- Johnson says he opposes war against Iran, Hunt warns of risks
- Tory leadership candidates clash in final debate of campaign
Boris Johnson and Jeremy Hunt, the two contenders to be Britain’s next prime minister, condemned tweets by U.S. President Donald Trump but refused to say if they think they were racist.
Johnson, the favorite to succeed Theresa May, also said he wouldn’t support U.S.-led military strikes against Iran, as the transatlantic alliance again became the focus of the election to lead the U.K.’s governing Conservative Party at a time when U.K.-U.S. relations are already strained.
The two men were asked their views after Trump posted a series of tweets suggesting that four U.S. congresswomen, led by Alexandria Ocasio-Cortez of New York, should return to the “broken and crime infested places from which they came.”
Johnson said the tweets were unacceptable. “When you are the leader of a great multiracial, multicultural society, you simply can’t use that sort of language about sending people back,” he said. “I mean that went out decades and decades ago — and thank heavens for that.” Hunt, who has a Chinese wife and mixed-race children, said the comments were “totally offensive.”
‘That Kind of Language’
“I have three half-Chinese children and they are British citizens,” Hunt said. “If anyone ever said to them ‘go back to China,’ I would be utterly appalled.” But when asked if Trump’s comments were racist, he said, “This is a president of a country which happens to be our closest ally and so it is not going to help the situation to use that kind of language about the president of the United States.”

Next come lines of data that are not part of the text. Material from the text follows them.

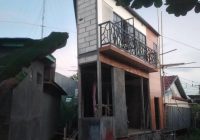 Lagi, Rumah Dua Tingkat Ambles di Tanjung Pagar Banjarmasin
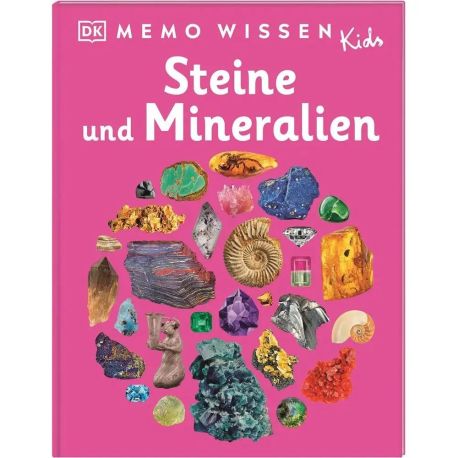memo Wissen Kids. Steine und Mineralien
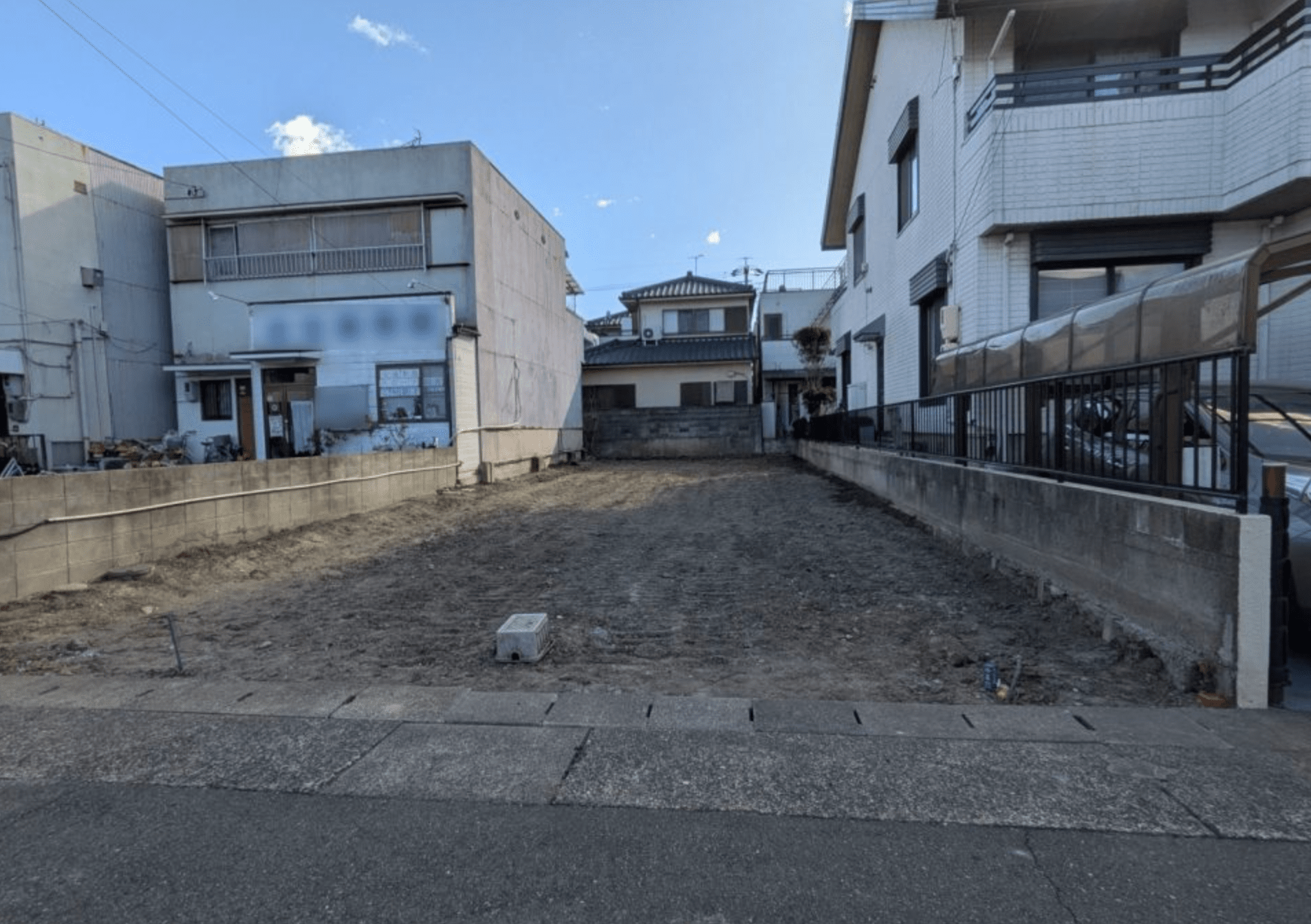 名古屋市西区　売地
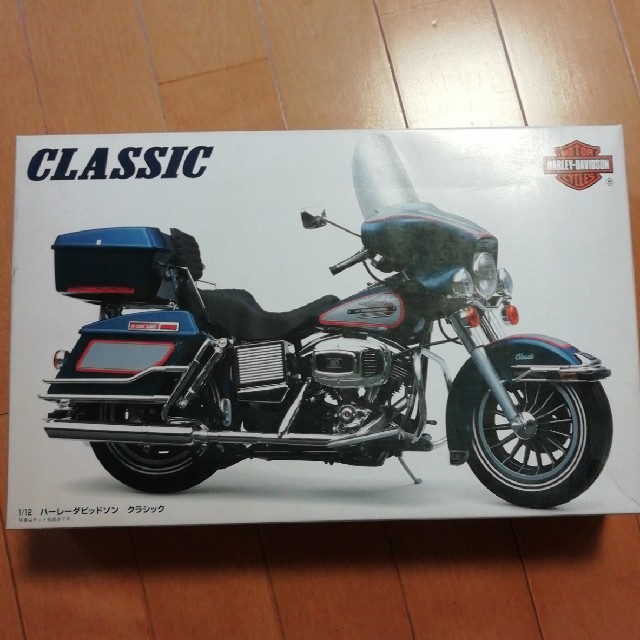 値下げ　Harley Davidson  FLHC  CLASSICプラモデル 自動車/バイクのバイク(その他)の商品写真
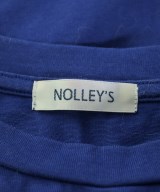 Nolley's（ノーリーズ）ノースリーブ 青 サイズ:36(S位) レディース/2200615009063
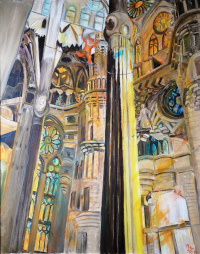 Sagrada Familia, Öl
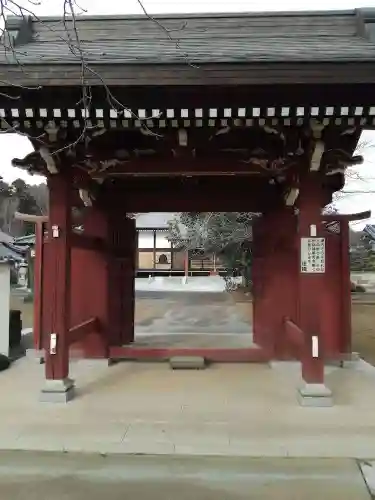 妙音寺の山門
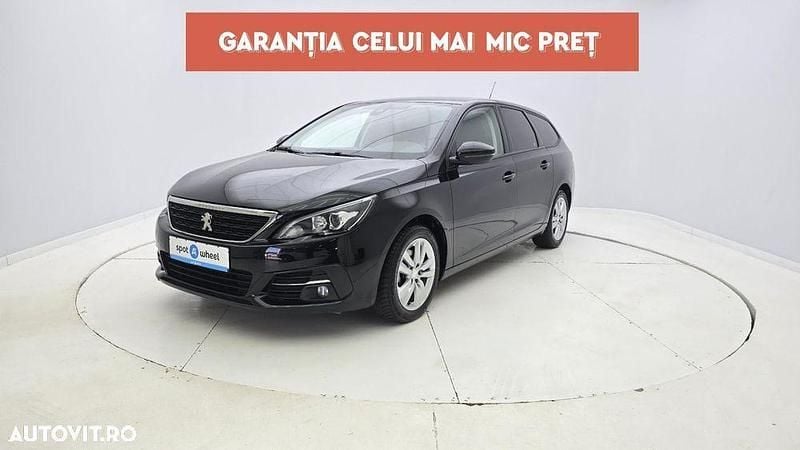 Negru Utilizat 2019 Peugeot 308 Break | 8.450 EUR (Preț OK) - Imagine 1/3
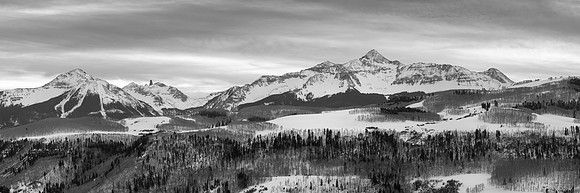 Wilson Peak Panorama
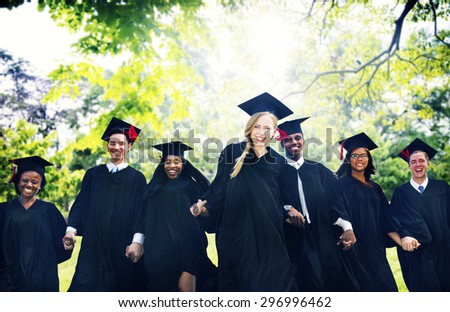 Graduation Student Commencement University Degree Concept
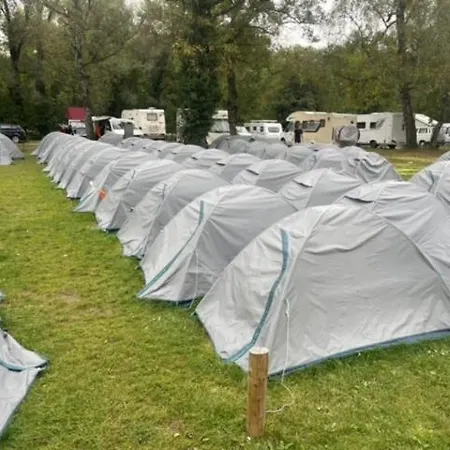 Lloret De Mar Beach Camping Кемпинг *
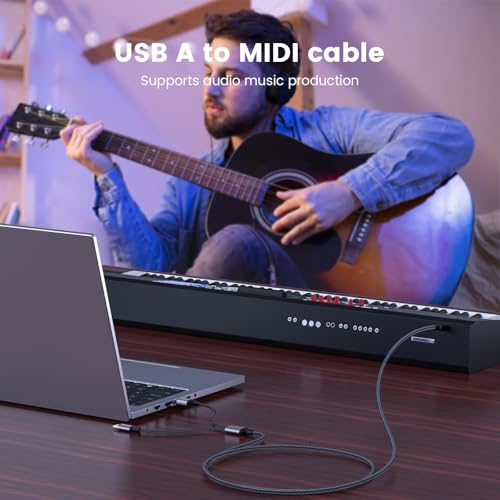 MOSWAG MIDI Male to USB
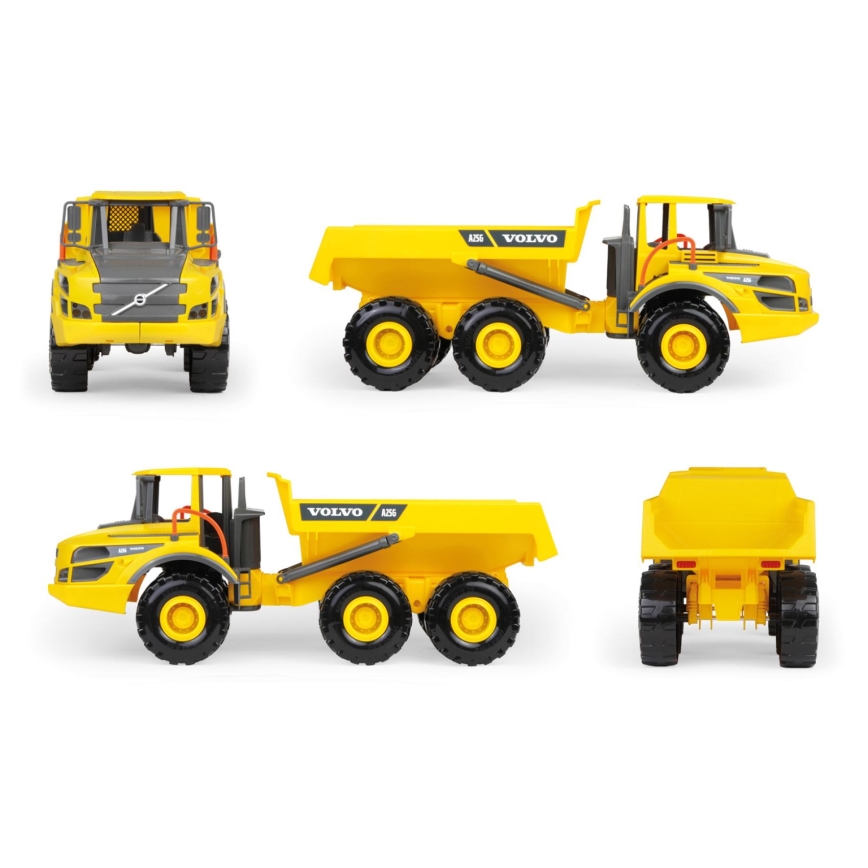 Volvo WORXX sunkvežimis, 55 cm, geltonas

During a debate webcast by the Sun newspaper Monday evening, the two men emphasized the importance of a strong relationship with Washington and praised Trump’s style. He is “shrewd,” Hunt said, while Johnson described him as “ruthless” and said he will be “very, very tough” when negotiating a deal with the U.K. after Brexit.
Last week Kim Darroch, the U.K.’s ambassador to the U.S., resigned after Trump reacted angrily to the leaking of confidential cables the diplomat had sent to London criticizing his administration. While Hunt, the foreign secretary, defended Darroch, Johnson refused to back him in a TV debate, accelerating his departure, according to people familiar with the situation.
‘Best Way Forward’
Johnson did, however, set up a clash with the Trump administration over Iran and attempts to stop the Islamic Republic developing a nuclear weapon. He said the Tehran government is a “disruptive, dangerous, difficult” regime, but military action is not “a sensible option for us in the west.”
“Diplomacy must be the best way forward,” Johnson said. “If you ask me if I think, were I prime minister now, would I be supporting military action against Iran, the answer is ‘No.”’
Both the U.S. government and Iran have said they are not seeking a war. The president has said military action remains an option on the table but canceled a planned air strike in retaliation for Iran shooting down an American drone last month, opting instead for increased sanctions.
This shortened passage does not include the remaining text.